▶ Data for this exercise

-------

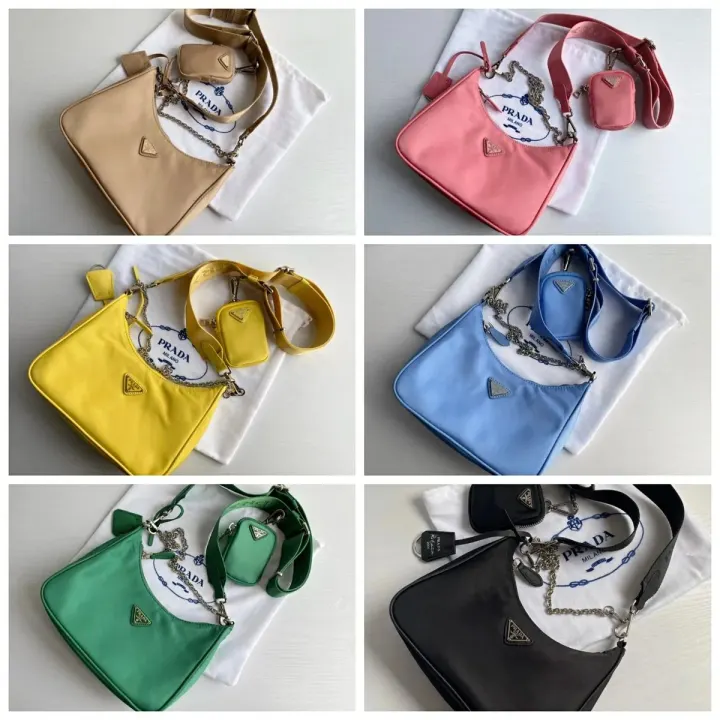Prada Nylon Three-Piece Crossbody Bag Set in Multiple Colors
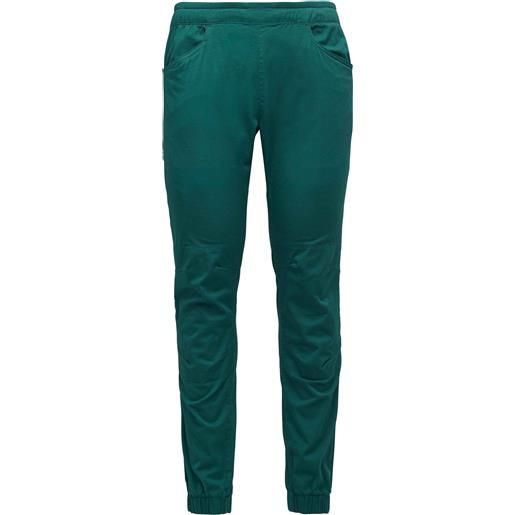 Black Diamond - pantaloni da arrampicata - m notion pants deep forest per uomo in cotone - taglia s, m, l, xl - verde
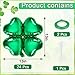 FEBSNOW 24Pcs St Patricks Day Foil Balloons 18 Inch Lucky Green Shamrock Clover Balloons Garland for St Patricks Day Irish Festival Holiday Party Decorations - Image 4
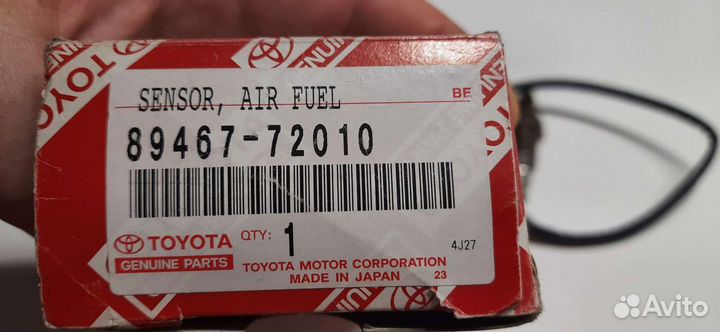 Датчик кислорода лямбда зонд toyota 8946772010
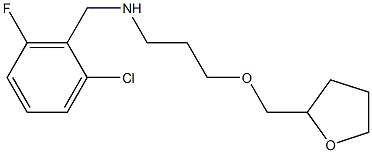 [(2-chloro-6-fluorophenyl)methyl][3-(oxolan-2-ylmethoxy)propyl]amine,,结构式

-------

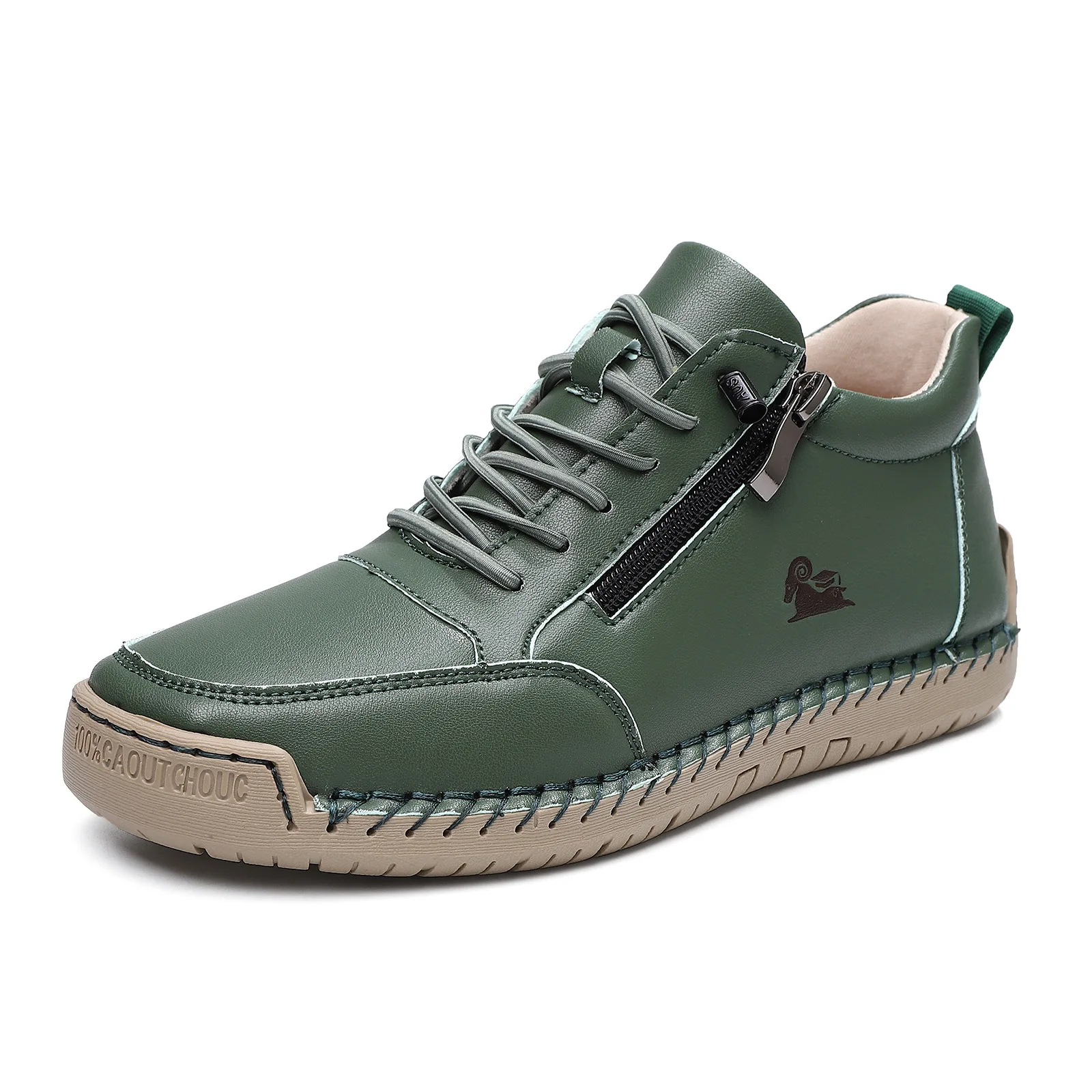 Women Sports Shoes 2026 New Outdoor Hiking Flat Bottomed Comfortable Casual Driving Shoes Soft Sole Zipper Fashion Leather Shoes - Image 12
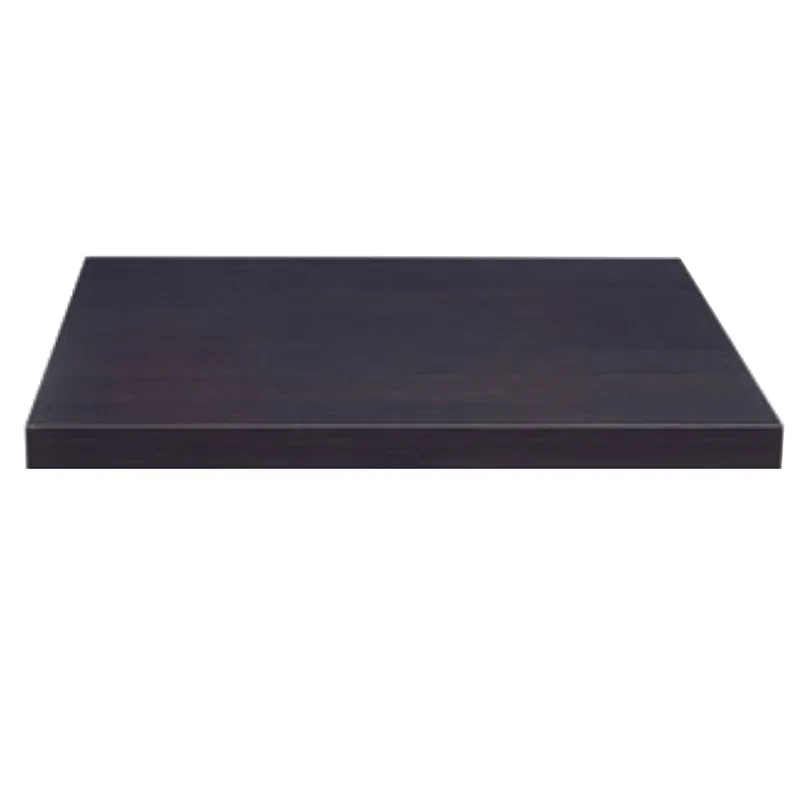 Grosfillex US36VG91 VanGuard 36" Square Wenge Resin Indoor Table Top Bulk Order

-------

Everything above from the line containing "Women Sports Shoes" through the line containing "Grosfillex US36VG91 VanGuard" must be repeated exactly, and the pictures must be left out.

 Women Sports Shoes 2026 New Outdoor Hiking Flat Bottomed Comfortable Casual Driving Shoes Soft Sole Zipper Fashion Leather Shoes - Image 12
 Grosfillex US36VG91 VanGuard 36" Square Wenge Resin Indoor Table Top Bulk Order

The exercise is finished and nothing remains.